774 views | Abdulwarees Solanke | April 13, 2020
In the Muslim World, Ramadan fasting is less than two weeks away. But as I stepped out on the morning of Easter Sunday, a Christian festival that signals the end of 40 day Lent, the Christian fast, I noticed that the streets were barren of banners that often proclaim boldly, Lets go A-fishing. Also, there was no happy or Merry Easter in the air.
Suddenly, it occurred to me that last Sunday, the Palm Sunday, palm fronds that usually fly in the air on the Sunday preluding Easter were not on the floors at all. Then I remembered that the Good Friday, a day that signifies to the world that Easter is two days away, was this year too dull.
So, It’s no news anymore that Easter 2000 for many Christians who cherish its festivity was a colourless festival under a Corona Infection pandemic lockdown. As Muslims, it is showing us the likely colour of Ramadan this year. It may not be festive, colourful or active. The signs are there already.
This is because some weeks to Ramadan, a surfeit of public lectures is staged by prominent Muslim organizations. That of the University of Lagos Alumni Association, UMA, of which I am member is one. That annual lecture is for us a Reunion.
Scholars are even sourced from beyond our shores to present seminal papers outside the realm of religion. The lectures interrogate germane issues in the polity or public sphere, serving as Muslims contribution to understanding and resolving public issues and problems.
On such day, the University of Lagos campus is literally a carnival, and indeed the entire university community sees it as part of its annual calendar. It is originally scheduled for next Sunday, April 19. Now, we putting it off.
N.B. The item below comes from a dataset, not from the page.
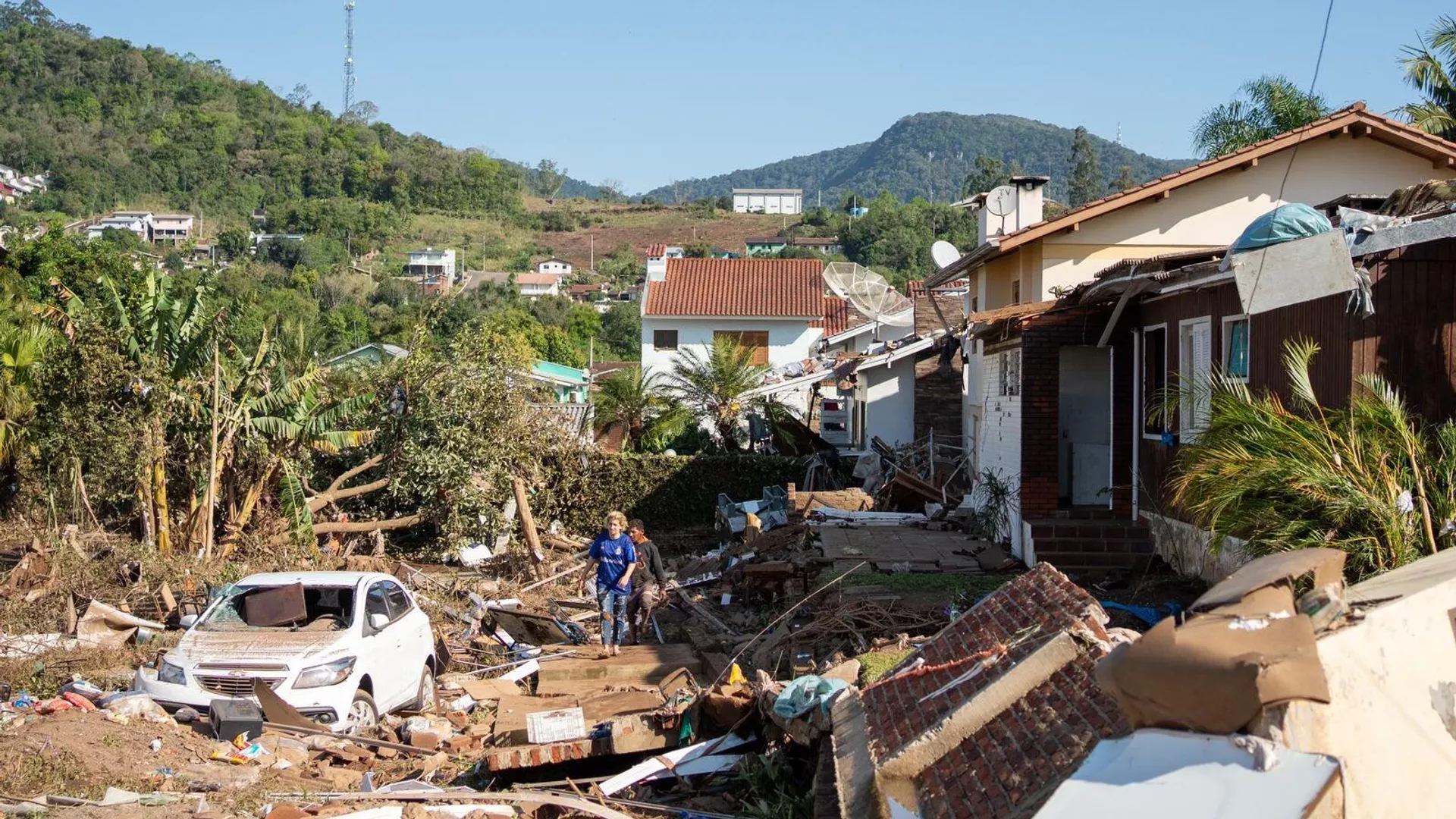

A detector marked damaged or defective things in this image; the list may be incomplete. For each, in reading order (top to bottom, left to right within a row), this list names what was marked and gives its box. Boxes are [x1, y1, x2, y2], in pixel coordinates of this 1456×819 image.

Other organizations normally spread theirs in the weekends that run through the month of fasting. Unless there is an open up of the cities or relaxation of the lockdown in the next one week, many of our lectures will be cancelled.
In Lagos for instance, the Wahab Iyadan Folawiyo Memorial Ramadan Lecture is held in conjunction with Lagos State Broadcasting Corporation. It pulls entire Lagos under its expansive Blue Roof. Unfortunately. De Blue Roof may not welcome Muslims this year for the lecture, De Blue Roof won’t also be any blue or colourful for this years’ edition of the Abdulazeez Islamic Foundation Ramadan Lecture.
But beyond Ramadan Lectures that are characterized by many side attractions are other activities of spiritual import. Ramadan is the month of the Quran. So, for its entire period, gatherings called Tafsir, what we know in Yoruba as Taosiri in our youthful days will be affected.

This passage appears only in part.